Forgiveness + Grace 

But I say to you who hear, love your enemies, do good to those who hate you, bless those who curse you, pray for those who abuse you. To one who strikes you on the cheek, offer the other also, and from one who takes away your cloak do not withhold your tunic either. Give to everyone who begs from you, and from one who takes away your goods do not demand them back.  And as you wish that others would do to you, do so to them. “If you love those who love you, what benefit is that to you? For even sinners love those who love them. And if you do good to those who do good to you, what benefit is that to you? For even sinners do the same. And if you lend to those from whom you expect to receive, what credit is that to you? Even sinners lend to sinners, to get back the same amount. But love your enemies, and do good, and lend, expecting nothing in return, and your reward will be great, and you will be sons of the Most High, for he is kind to the ungrateful and the evil. Be merciful, even as your Father is merciful. (Luke 6:27-36) 

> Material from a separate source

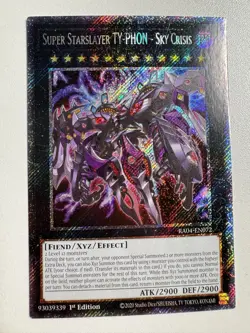 Yugioh Super Starslayer TY-PHON - Sky Crisis RA04-EN072 Collector Rare 1st Ed NM - Image 1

Put on then, as God’s chosen ones, holy and beloved, compassionate hearts, kindness, humility, meekness, and patience, bearing with one another and, if one has a complaint against another, forgiving each other; as the Lord has forgiven you, so you also must forgive. (Colossians 3:12-13)

I opened my bible, tearfully searching for some comfort in my daily reading plan. Instead this truth stared right back at me. My heart ached, my body and mind felt numb from the sting of loneliness and rejection. I felt abandoned. Losing a friendship, by your choosing or not, involves a mourning period. Maybe you have felt rejected, maybe you chose to take a step back, maybe it was a bit of both. No matter how you spin it, losing a friend can be incredibly painful. 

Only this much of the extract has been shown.